* [EXERCISE GOAL]: Because the entries hold pictures, reproduce only their words, exactly as written.

TASK DATA START

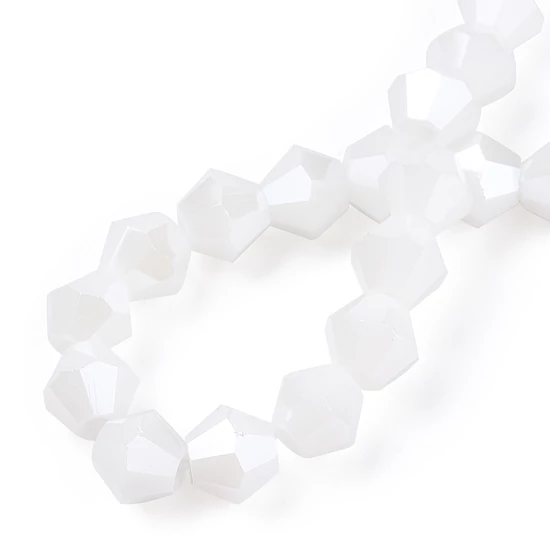 Üveggyöngy - 6x5.5mm - telt,  galvanizált, gyöngyházfényű, fazettált, fehér, rombusz 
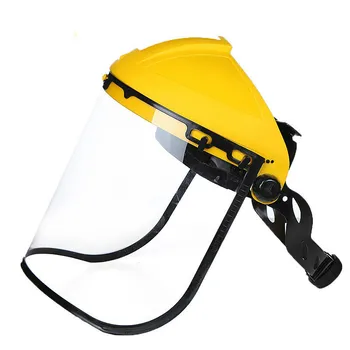 

Yellow Half Helmeted Head Protective Screen Pc Chemical And Impact Protective Surface Screen Welding Mask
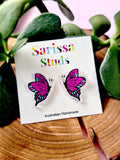 Pink Blue Butterfly Studs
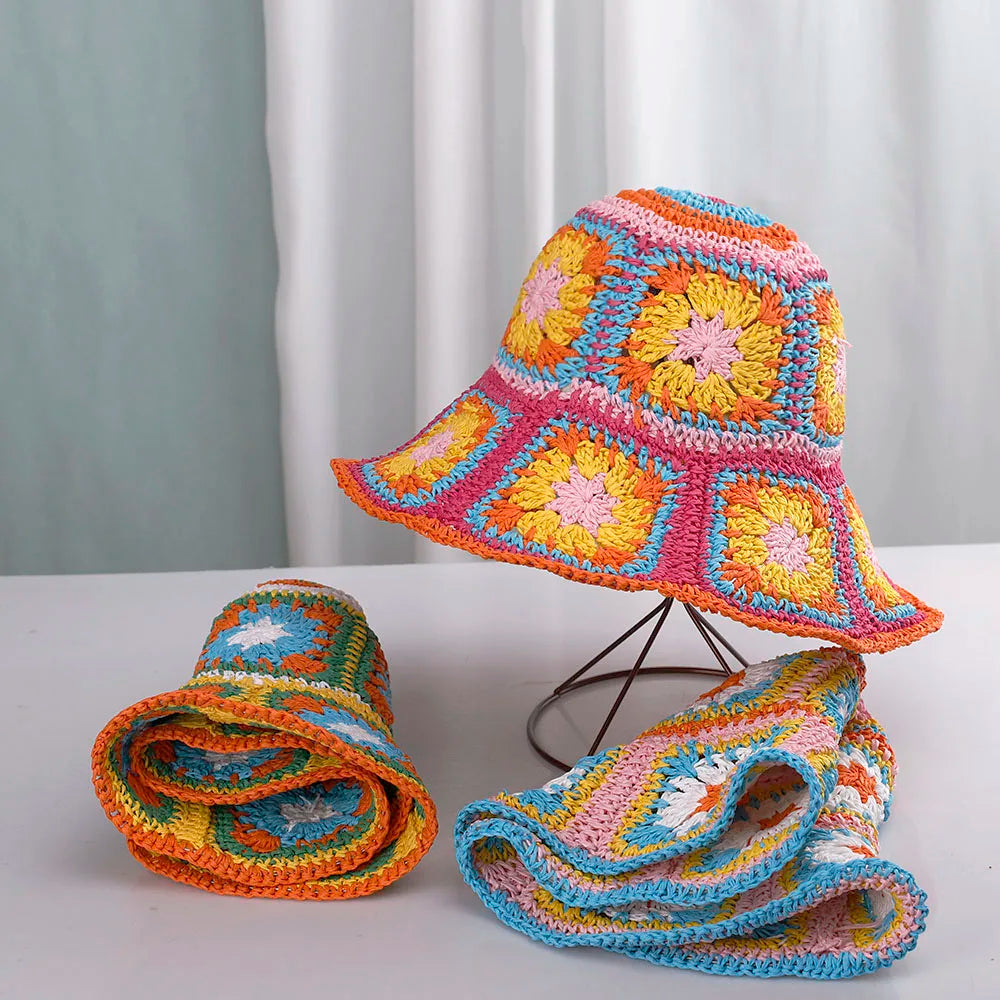NEW 2022 Womens Straw Hats crochet hat bucket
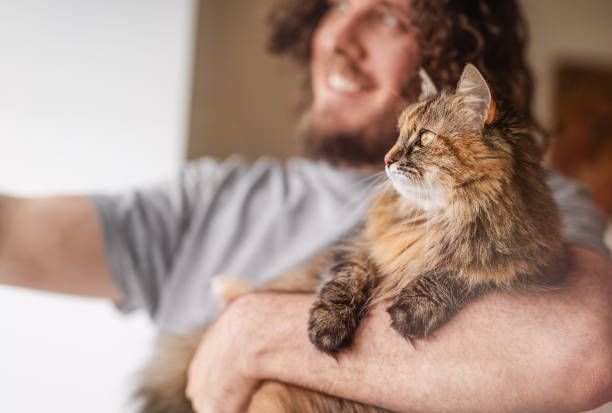 A happy man is looking out the window together with a cat.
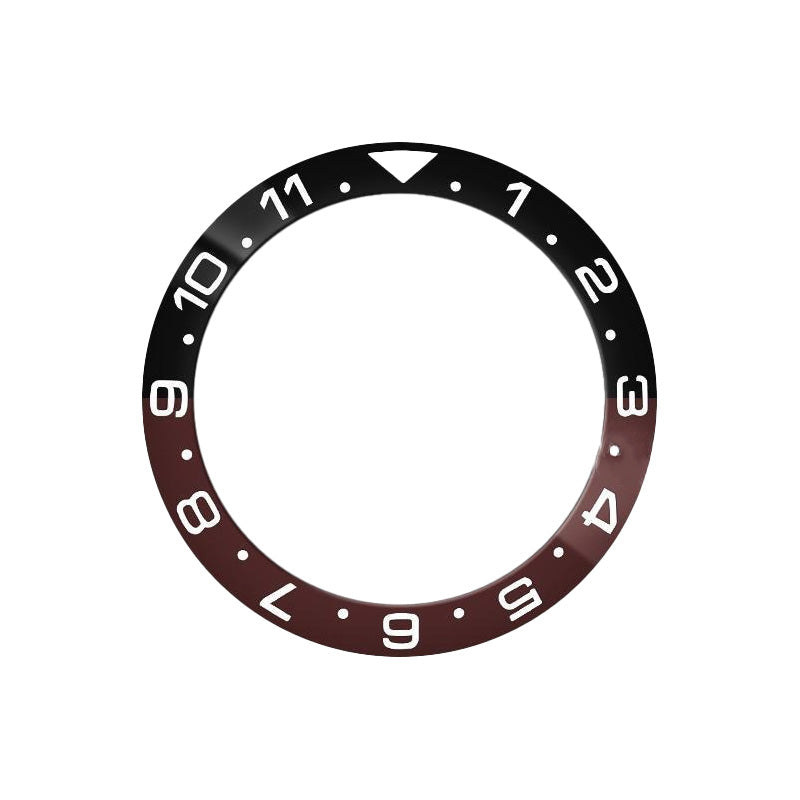 Dual Time Ceramic Sloped Bezel Insert for SKX/SRPD - Black/Coffee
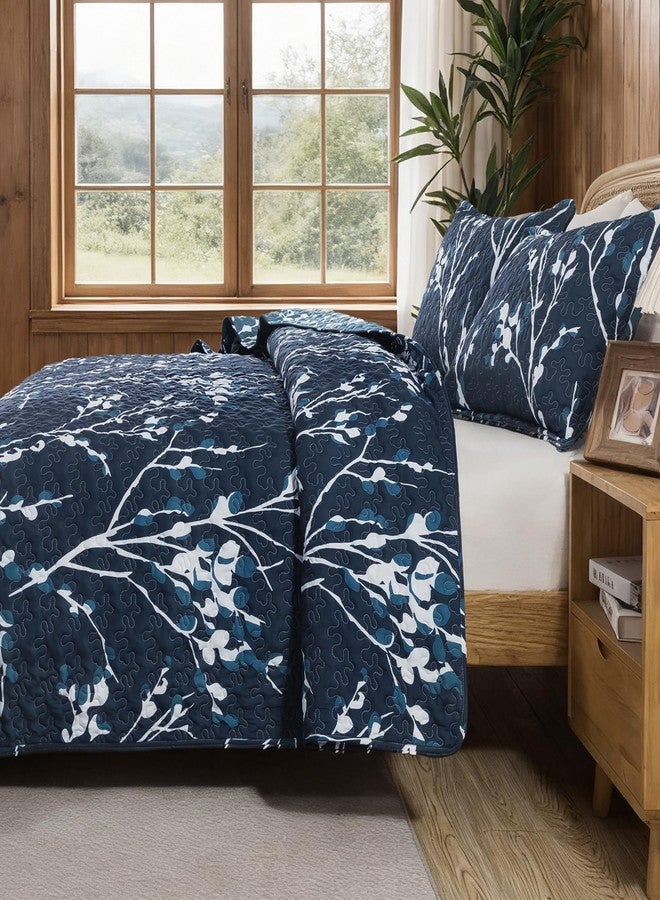 Andency Navy Quilt Queen Size (96x90 Inch), 3 Pieces Floral Lightweight Bedspread, Microfiber Reversible Flower Quilted Coverlet with 2 Pillowcases for Men Women - Image 2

TASK DATA END

* [ANSWER TO THIS PROBLEM]:
 Üveggyöngy - 6x5.5mm - telt,  galvanizált, gyöngyházfényű, fazettált, fehér, rombusz 

Yellow Half Helmeted Head Protective Screen Pc Chemical And Impact Protective Surface Screen Welding Mask
 Pink Blue Butterfly Studs
NEW 2022 Womens Straw Hats crochet hat bucket
 A happy man is looking out the window together with a cat.
 Dual Time Ceramic Sloped Bezel Insert for SKX/SRPD - Black/Coffee
 Andency Navy Quilt Queen Size (96x90 Inch), 3 Pieces Floral Lightweight Bedspread, Microfiber Reversible Flower Quilted Coverlet with 2 Pillowcases for Men Women - Image 2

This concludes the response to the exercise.